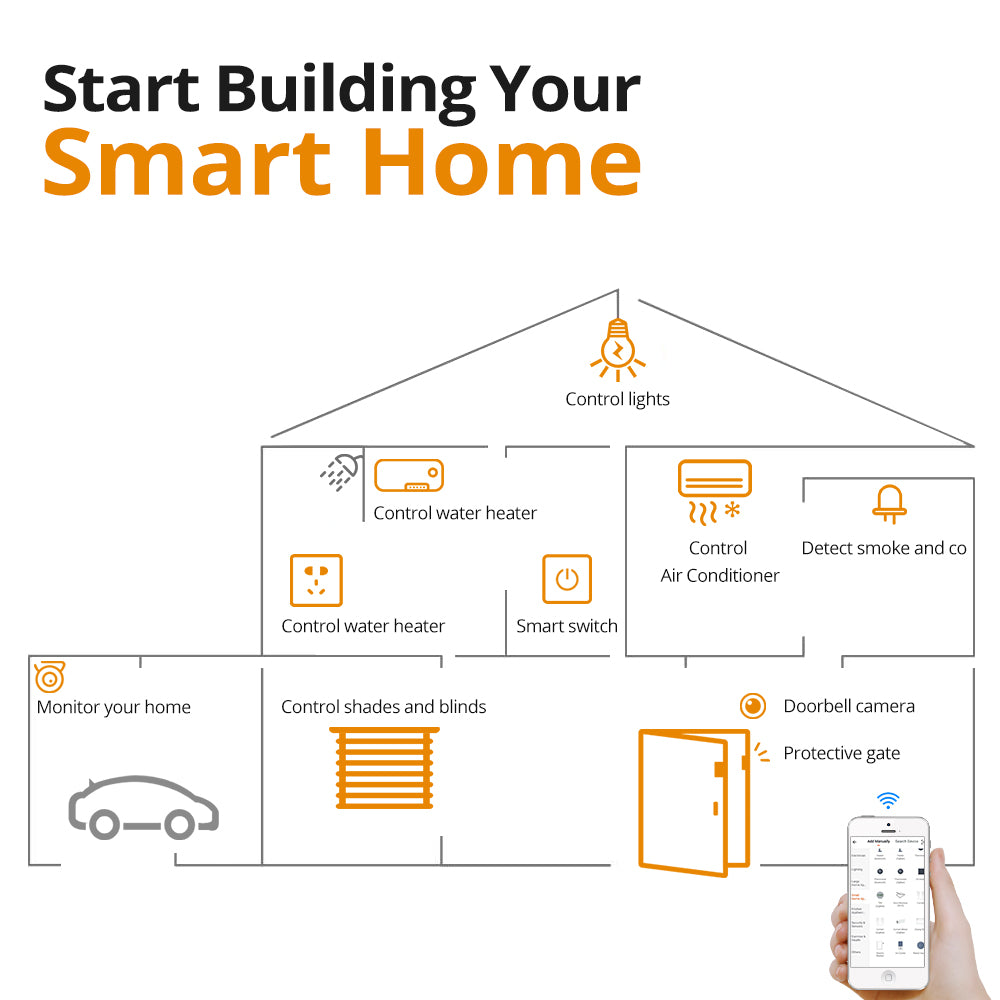 One Stop Hotel Apartment Complete Smart Home Kit Tuya Smart Home WiFi Devices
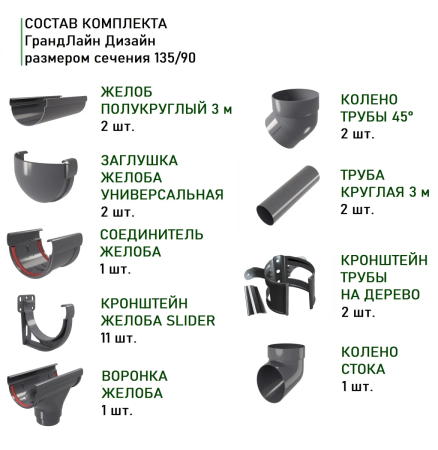 Комплект пластикового водостока d-135/90 мм ГрандЛайн Дизайн графит RAL 7024 в Туле фото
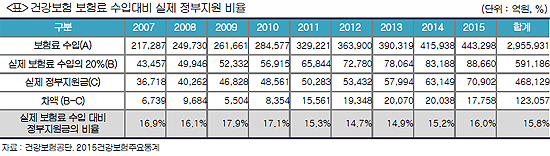 '거꾸로 가는' 건보 국고지원…"한시규정 폐지해야"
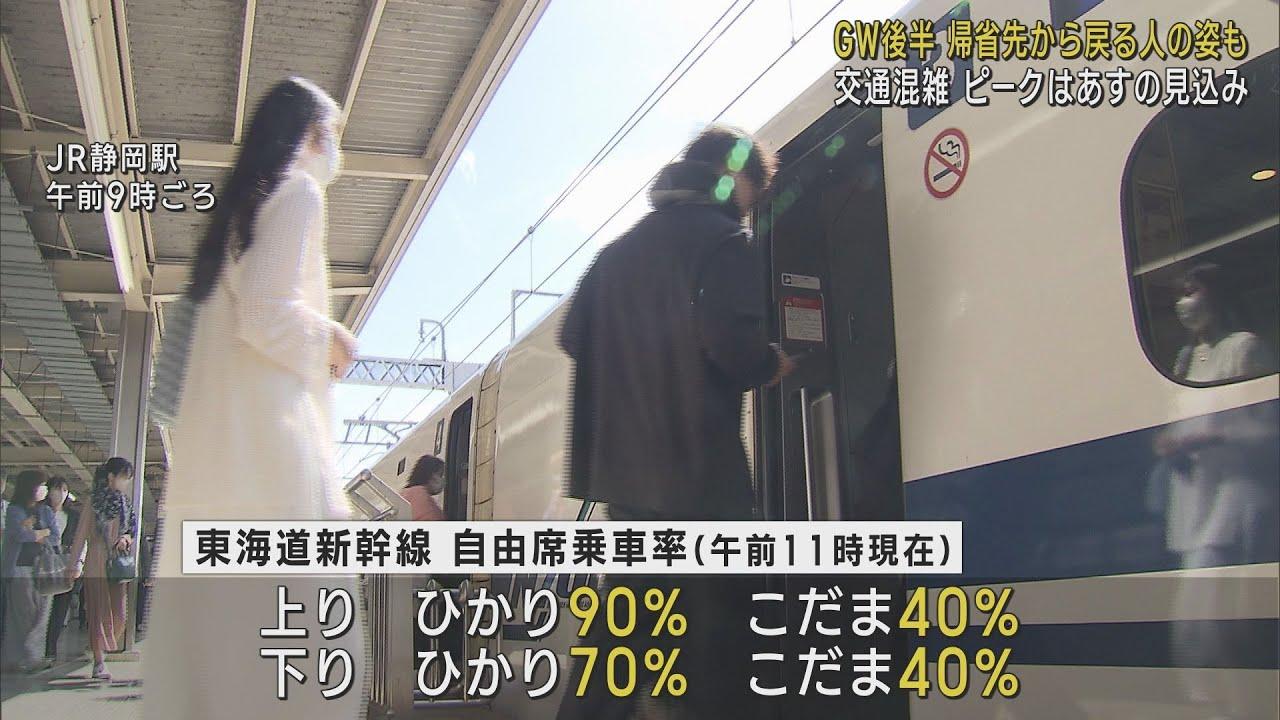 画像: 東名高速上りは午後3時ごろ横浜町田IC～御殿場JCT間で最大50キロ渋滞の予想　新幹線ひかりは午前11時現在70～90％　静岡 youtu.be
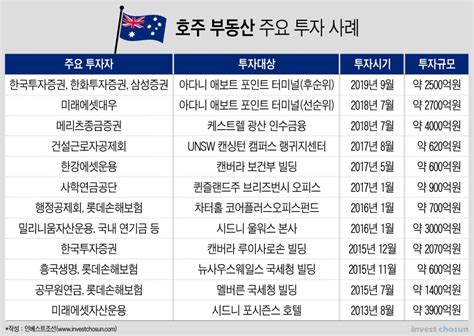 증권사·운용사 믿고 해외부동산 투자했는데뜯어 보니 허점투성이 인베스트조선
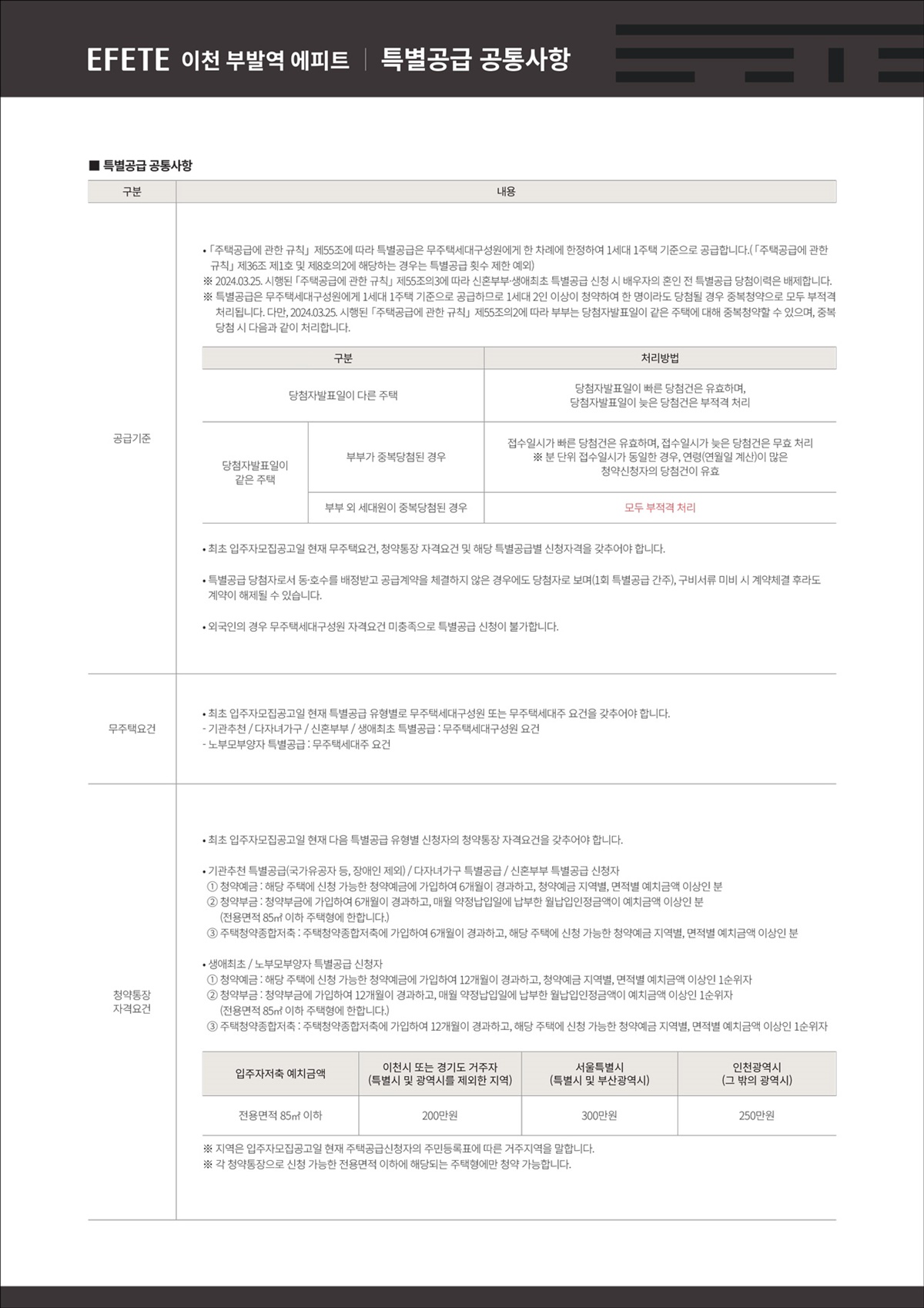 이천 부발역 에피트012자료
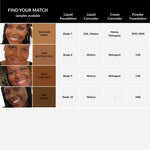 Color matching chart for foundation and concealer shades with model faces.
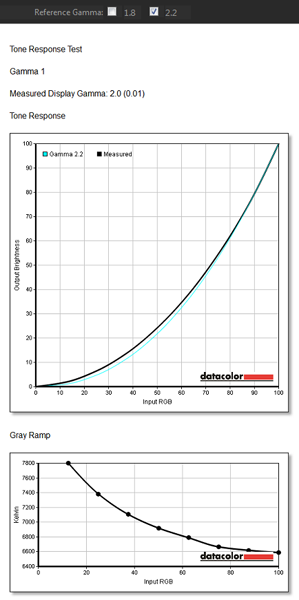  Acer T272HL, режим «Стандартный» — гамма-кривая и постоянство цветовой температуры 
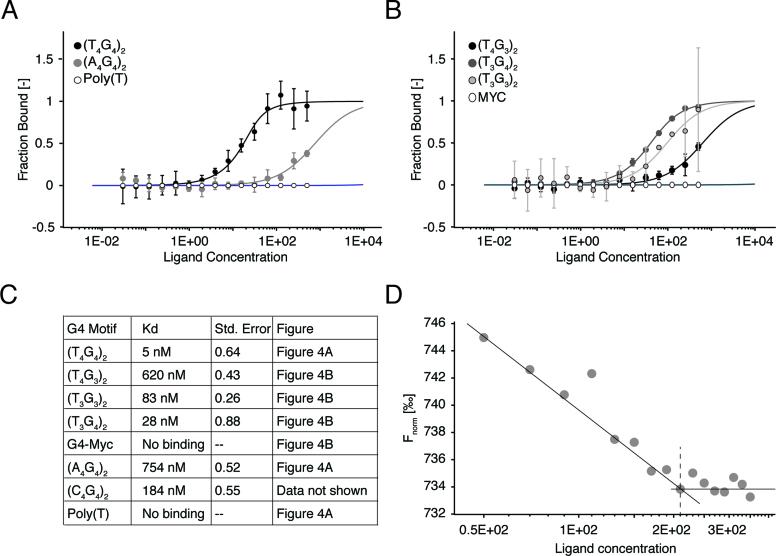 https://cdn.ncbi.nlm.nih.gov/pmc/blobs/4b25/5449594/a9e142ca51b8/gkx245fig4.jpg
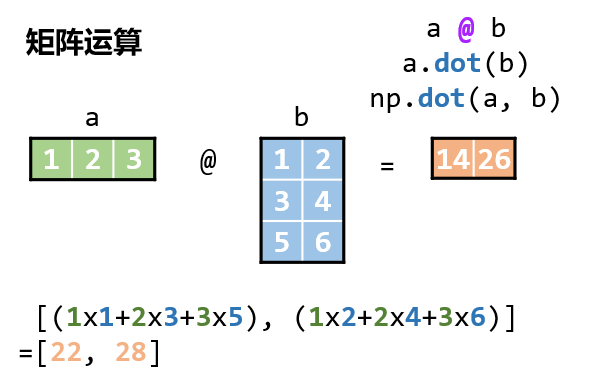 python 求向量模长函数 numpy求向量的模,python 求向量模长函数 numpy求向量的模_python_04,第4张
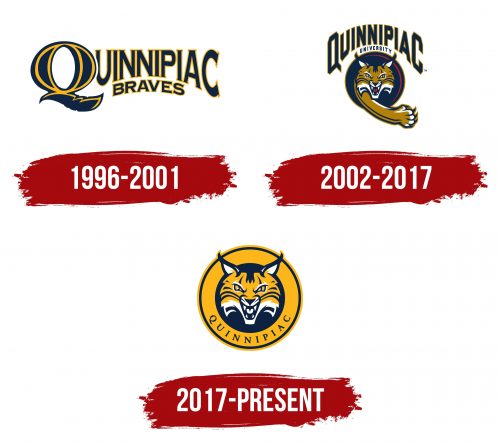 Quinnipiac Bobcats Logo History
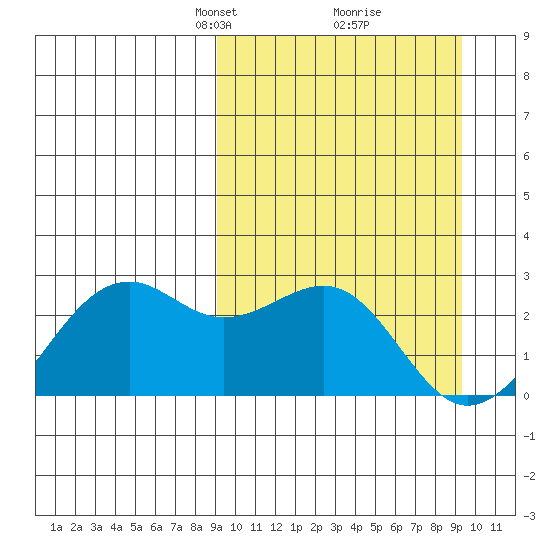 English Bay tide chart for Tuesday, March 19, 2024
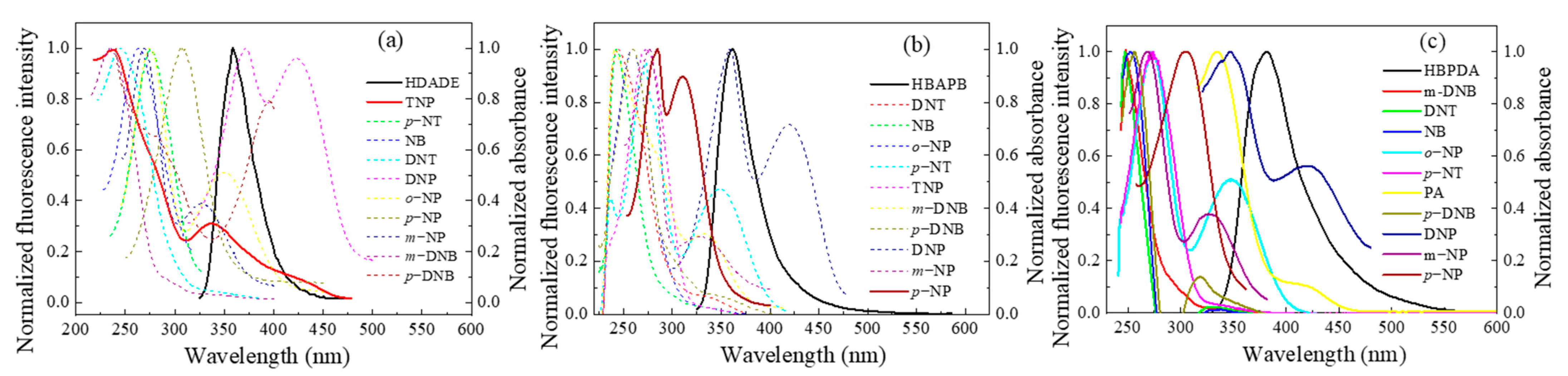 Polymers 15 00653 g008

◆ Task description ◆
The expected response is every entry above, repeated exactly, pictures removed.

◆ Output of the exercise ◆
 One Stop Hotel Apartment Complete Smart Home Kit Tuya Smart Home WiFi Devices
 Комплект пластикового водостока d-135/90 мм ГрандЛайн Дизайн графит RAL 7024 в Туле фото
 '거꾸로 가는' 건보 국고지원…"한시규정 폐지해야"
 画像: 東名高速上りは午後3時ごろ横浜町田IC～御殿場JCT間で最大50キロ渋滞の予想　新幹線ひかりは午前11時現在70～90％　静岡 youtu.be
 증권사·운용사 믿고 해외부동산 투자했는데뜯어 보니 허점투성이 인베스트조선
 이천 부발역 에피트012자료
 Color matching chart for foundation and concealer shades with model faces.
  Acer T272HL, режим «Стандартный» — гамма-кривая и постоянство цветовой температуры 
 https://cdn.ncbi.nlm.nih.gov/pmc/blobs/4b25/5449594/a9e142ca51b8/gkx245fig4.jpg
 python 求向量模长函数 numpy求向量的模,python 求向量模长函数 numpy求向量的模_python_04,第4张
 Quinnipiac Bobcats Logo History
 English Bay tide chart for Tuesday, March 19, 2024
 Polymers 15 00653 g008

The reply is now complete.